Feature of the week series #20 - Process Regex

Dear Celonis Community!

How do you find cases that follow a complex activity pattern?

This “Feature of the week” post explains how you can use the Match_Process_Regex() PQL function to achieve exactly this: Assign a label to cases that match an activity pattern.

1. Getting to know the Match_Process_Regex() function

How does the Match_Process_Regex() look like? The PQL syntax is

MATCH_PROCESS_REGEX( Activity_Table.Column , regular expression )

with the two inputs

  • Activity_Table.Column: any column from the activity table*
  • regular expression: a pattern of activities**

Pattern of activities (or regular expression) is the rule, that the entries from the specified activity column should follow. If we choose the activity name column from the activity table, this is how an example activity pattern could look:

  • The case starts with the activity ‘A’
  • Activity ‘A’ is followed by ‘B’ or ‘C’
  • The case ends with the activity sequence ‘Y’ directly followed by ‘Z’

So a pattern is just a description what sequence your activities should follow.

The variant A, B, Y, Z matches the above pattern.
The variant A, M, Z, Y does not match this pattern, as ‘A’ shall be followed by ‘B’ or ‘C’ and the case should end with ‘Y’ followed by ‘Z’.

Match_Process_Regex() let’s you find these cases in Celonis. You just have to codify the above pattern:

MATCH_PROCESS_REGEX( Eventtable.Activity_Name , ^ 'A' >> ['B','C'] >> (ANY)* >> 'Y' >> 'Z' $ )

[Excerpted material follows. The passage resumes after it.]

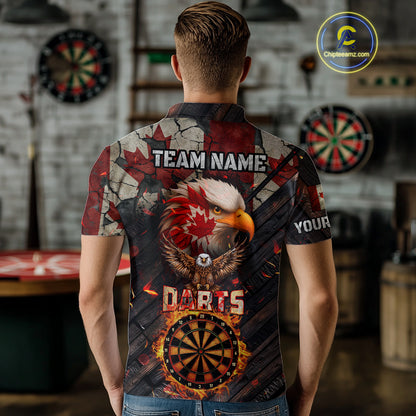 Canada Flag 3D Dartboard Fire Flame Custom Eagle Darts Shirt For Men, Patriotic Darts Team Jersey TDM4148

Let’s take a step back and dissect the codified regular expression step by step:

  1. ^ 'A' means that the case starts with activity ‘A’.
    ^ is the start identifier. 'A' is the name of the activity as it occurs in the "Activity_Name" column of the Eventtable.
  2. >> is the PQL sign for “directly followed by”.
    So the activity 'A' is directly followed by the expression inside the brackets []
  3. ['B','C'] means either activity 'B' or 'C' occur directly after 'A'
    [] is an OR collection of activities.
  4. (ANY)* means any activity can occur any number of times.
    ANY is a placeholder for any activity.
    ()* says that the activity inside the brackets can occur 0 or more times
  5. 'Y' >> 'Z' $ means that 'Y' is directly followed by 'Z' at the case end.
    $ is the case end identifier.

What just happened? Above, you just learned that there are many different pattern operators like ^ and >> and that you can use them to your advantage, because they let you codify the complex patterns you have in mind. Having the pattern codified, the MATCH_PROCESS_REGEX() function will return 1 for the cases that match, and 0 for the cases that don’t match this pattern. This allows you now for example to filter the Variant Explorer to all cases that match your pattern.

Before looking at it in action, you can see the entire pattern syntax and examples in the help (IBC, on-premise, sap on-premise).

2. Seeing it in action

Click here and navigate this analysis to get a feeling how the MATCH_PROCESS_REGEX() function can be used.

What complex patterns do you have in mind? Happy Matching!
Your Celonis Product Team

*) You can use any string column from your Eventlog. For example, you can also match patterns for user types, like ( Eventlog.User_Type, ‘Batch’ >> ‘Batch’ >> ‘Manual’, …) !
**) Unlike regex functions that you might already know, this regex does not refer to letters inside a word. It refers to activities inside a case. So the pattern you can search for is not ‘W’ >> ‘o’ >> ‘r’ >> ‘d’ to find the activity named ‘Word’ but rather ‘Order pizza’ >> ‘Receive pizza’ >> ‘Eat pizza’ to find the process case of that order.